How to Quickly Pinpoint High CPU Usage in Java Services: A Step‑by‑Step Guide
When a data platform server suddenly shows CPU usage above 90%, this guide walks you through using Linux tools and a custom script to identify the offending Java process, trace the problematic thread, pinpoint the exact code line, and apply a fix that reduces load dramatically.
1. Identify the High‑Load Process
Log into the affected server and run top to view overall CPU usage and load average. On an 8‑core machine, a load average above 8 indicates high load. Observe the process list and note the PID with the highest CPU share (e.g., PID 682).

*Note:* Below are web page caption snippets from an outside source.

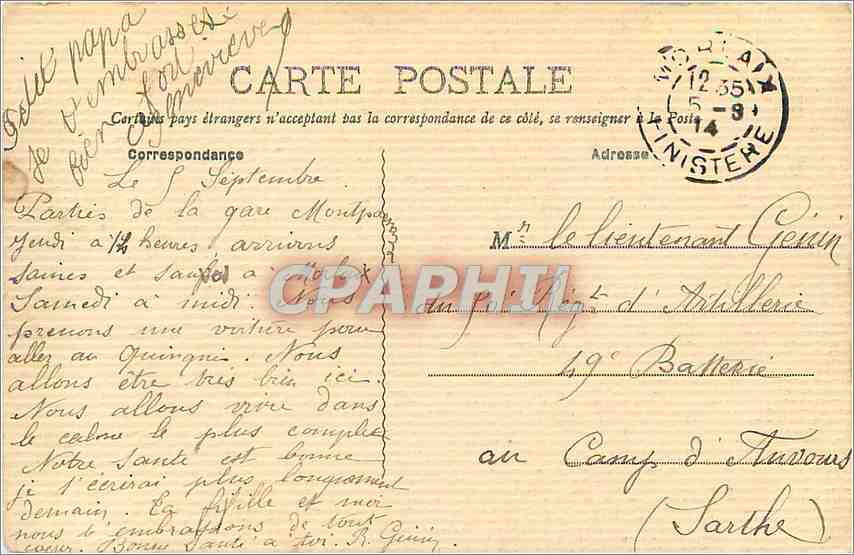 CPA Vue generale de Morlaix Eglise Sainte Metaine  — Rückseite
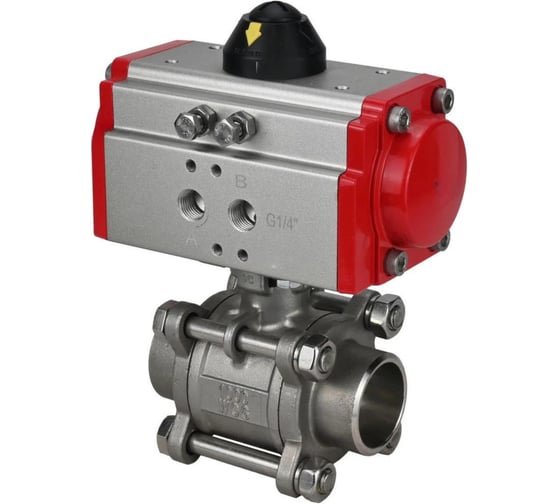 Кран шаровой DN.ru 316-316-PTFE-FP-W-ISO-H WDVF Ду32 Ру63 3-составной, пневмопривод D160-68956 1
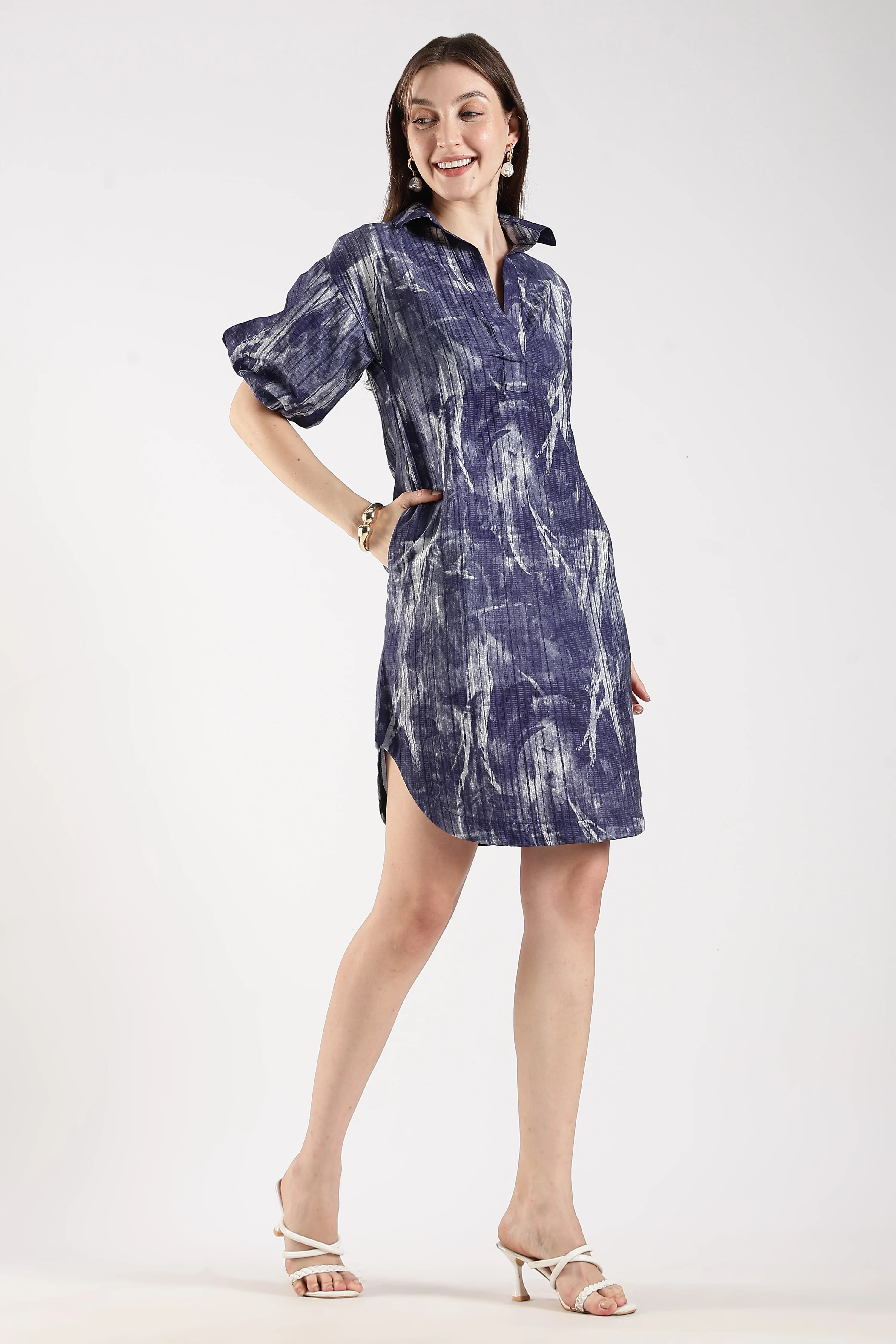Women Purple Puff Sleeves Shirt Dress - Image 4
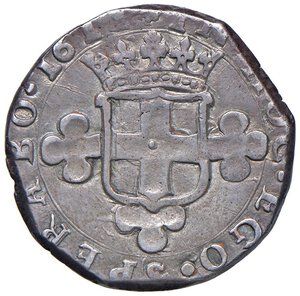 reverse: Carlo Emanuele I (1580-1630) 2 Fiorini 1611 - MIR 645d AG/MI (g 6,12) R. BB-SPL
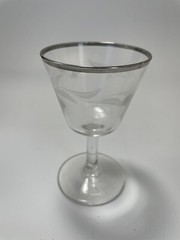 Cordial Liquor silver rimmed glasses Laurel Leaf Etched Set of 2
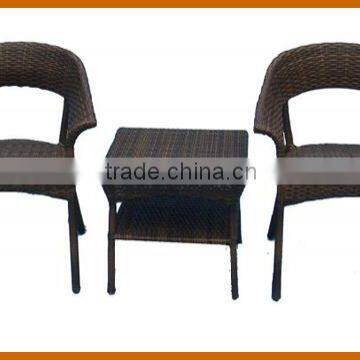 Patio Double Rattan Dinning Table Set Glass Top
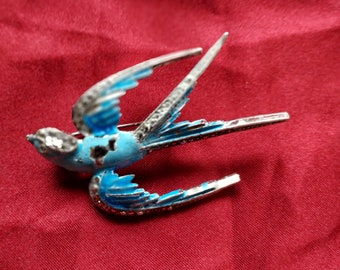 Shabby chic Art Deco swallow brooch with faux marcasites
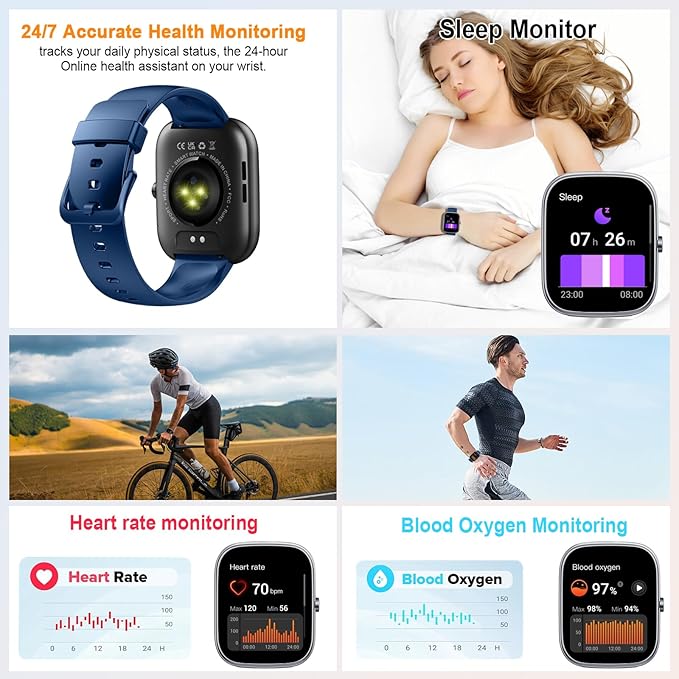 Smart Watch, 1.91"HD 2025 Smartwatch for Men Women (Answer/Make Call), 112+ Sports IP68 Waterproof Fitness Activity Tracker, Heart Rate/Sleep Monitor/Pedometer/Calories, Fitness Watch for Android iOS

2. Locate the Abnormal Business Logic
Use the PID to find the executable path with pwdx <PID>. The path reveals which service the process belongs to; in this case it is the data‑platform web service.
3. Find the Problematic Thread and Code Line
Traditional four‑step method:
Sort processes by load with top (or ps -eo pid,pcpu,cmd --sort=-pcpu) to obtain the max‑load PID.
Show thread‑level CPU usage: top -Hp <PID> and note the thread ID.
Convert the thread ID to hexadecimal: printf "0x%x" <tid>.
Run jstack <PID> | vim +/0x<hex_tid> to locate the stack frame.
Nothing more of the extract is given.